If you’re looking to sell an investment property and you expect to have a gain, expect to put some money aside to pay capital gains tax. Hopefully you’ve owned the property for more than a year, so you would be taxed at 0, 15, or 20% of your gain on the federal level. In addition to that, you will also have to pay the recapture tax, which is a tax on the depreciation you were able to take over the course of your ownership (the taxman giveth and the taxman taketh away). The recapture tax is taxed at a taxpayer’s ordinary income rate up to a maximum of 25%. If you’re looking to liquidate now to have cash available, this could be your best option. But let’s look at two alternatives when selling.
The first option when an investor is looking to sell a property is a 1031 exchange. This allows a taxpayer to defer paying capital gains taxes and recapture taxes by rolling them into a new property. 1031 exchanges are a great wealth-building strategy, but there are some very strict rules that need to be followed. The one rule that needs to be emphasize here is that within 45 days from the sale of your old property, you MUST identify up to three properties that you would plan to buy. Furthermore, you MUST settle on one of those three properties within 180 days from when your original property sold. 45 days and 180 days sounds like plenty of time, but I assure you they are not. With minimal inventory, high prices, and low cap rates, a 1031 exchange is just too risky for many people today.
The second option is to offer seller financing on the property. This allows a seller to spread their gain over multiple years, while commanding absolute top dollar for their property. No appraisal is needed, so buyer and seller could come up with very creative terms to strike a deal. Raise the price $50,000 and offer financing at 0%? No problem. Take title to the buyer’s hunting cabin in lieu of a down payment. Sure, why not? Opportunities abound for sellers who don’t need a lump sum of cash at the sale of their property. This strategy works best on a property with no mortgage or with a small mortgage that can be paid off with the down payment from the buyer, otherwise, you risk running afoul of the bank’s Due On Sale clause.

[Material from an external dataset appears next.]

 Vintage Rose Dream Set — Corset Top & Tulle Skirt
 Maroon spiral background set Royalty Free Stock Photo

But what if you want to hold onto the property for a while longer? Maybe you have a great long-term tenant in place or the property is a cash cow. There are several options to take advantage of the current economic state we’re in. If you have a commercial mortgage that has a fixed rate for three or five years, many times the lender will allow you to relock at today’s rate for only a few hundred dollars. From the lower interest rate, your breakeven point would likely be less than a year.

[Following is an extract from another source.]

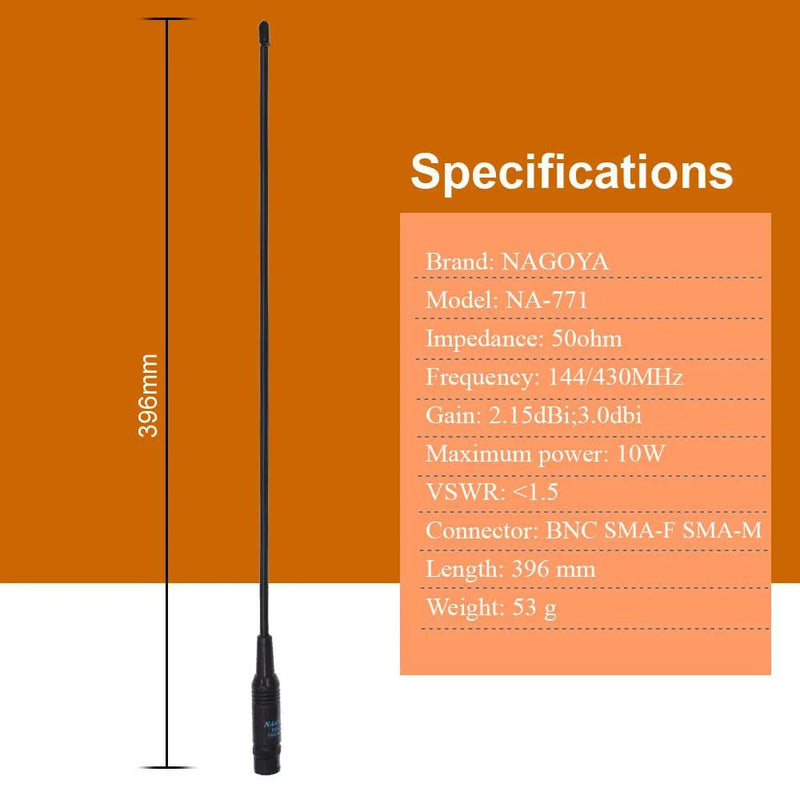 2PCS NAGOYA NA-771 SMA Female SMA-F Dual Wide Band Flexible Antenna VHF/UHF 144/430MHz Two Way Radio  BAOFENG UV-5R BF-888S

If you have a residential mortgage or are looking to get some cash out of the property, a refinance will be your best option. Closing costs will likely be several thousand dollars, which means a longer breakeven period. If you stay with your current lender, the costs might be less if you can simply modify the loan to update the interest rate. The lender has all your paperwork, so the processing will be significantly less. Be aware that if you do a cash-out refi on a rental property, you will have to adhere to the IRS tracing rules. This means that even though the cash you received is secured by the property, it is not deductible against the property. Instead, you must track where the cash is being used to determine how it can be deducted. Cash used to start a new business? It’s deducted against the business. Used to purchase more real estate? It’s deducted against the new real estate. Used to pay off personal debt or take the family to Hawaii? Sorry, not deductible because it’s used for personal expenses.
With any of the above strategies, speak to your CPA before moving forward to make sure it is the best option for you. It will be much easier for an account to guide you before you do something than to try to fix a mistake that has already been done.